Bardas pintadas, espectaculares por todos lados, SMS a todas horas, llamadas que nadie pidió, boletines, trípticos, revistas, redes sociales inundadas ¿y todavía preguntan por qué la gente está harta?

A esto ya no se le puede llamar campaña… es acoso con presupuesto.

Sales a la calle y ahí están.
Prendes el celular y ahí están.
Abres el refri  y,  nomás falta que también ahí aparezcan sonriendo y te sirvan una coca. 

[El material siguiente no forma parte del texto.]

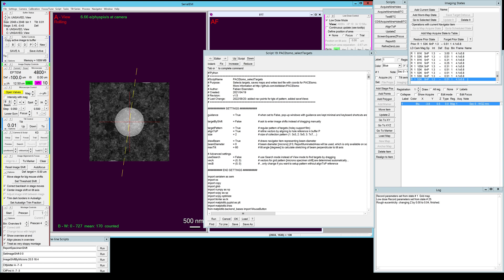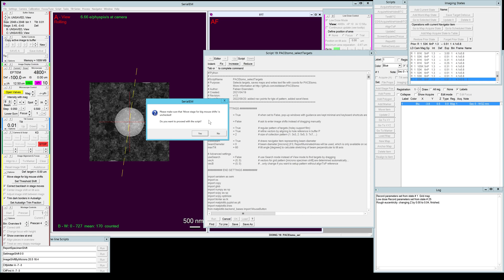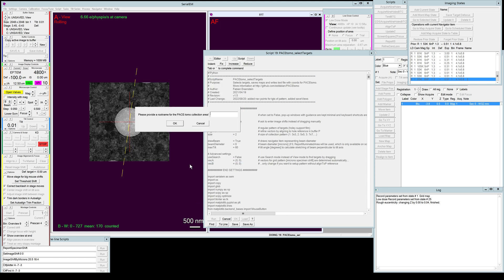Then we're gonna run our select targets script. Once again it reminds you to check the move stage for big mouse shifts or to uncheck it which we have done. We choose the folder where all the tilt series and target pictures and associated files are saved and we're gonna give it a name so I'm just gonna call this five by five pattern.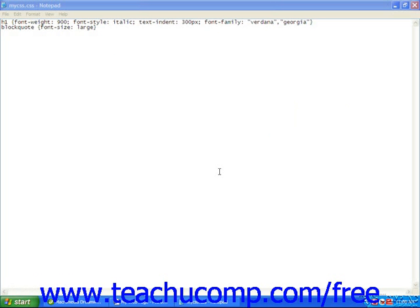You can control the case of text with CSS by using the text-transform property, which changes the text regardless of how it was typed.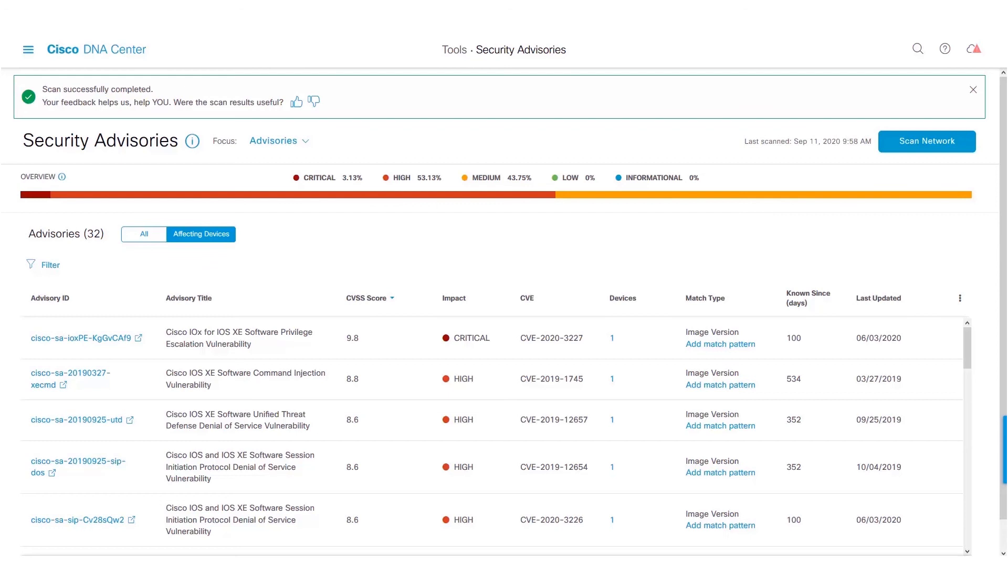These are some of the new functionalities added to the Security Advisories on Cisco DNA Center release 2.1.2.x. Thanks for watching.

Porque no importa el partido, todos vienen cortados con la misma tijera.
Prometen distinto… pero molestan igual.

Y uno se pregunta:
¿qué sigue?

¿Anuncios en los recibos de la
Luz ?
¿Promociones en la tortilla?
¿Un “buenos días” patrocinado cuando desbloqueas el celular?

No, y espérate, todavía hay más ideas:
• Que se renten en los velorios, pa’ pasar lista junto al difunto.
• Que en la misa cambien el “denos hoy nuestro pan” por “denos hoy su voto”.
• Que en las bodas, en lugar de arroz, avienten volantes.
• Que en los hospitales, mientras te están atendiendo, te susurren: “acuérdese quién sí cumple”.

Ya no buscan convencer, buscan meterse hasta en lo más íntimo de la vida.

Y lo más triste es que creen que por estar en todos lados… ya están en la mente de la gente.

Pero no.

Están en la pared, en el celular, en el spa, en el cine, pero no en la confianza.

Que alguien les explique que entre  más ruido hacen, más claro queda algo, la gente ya no los ve…
aunque estén por todos lados.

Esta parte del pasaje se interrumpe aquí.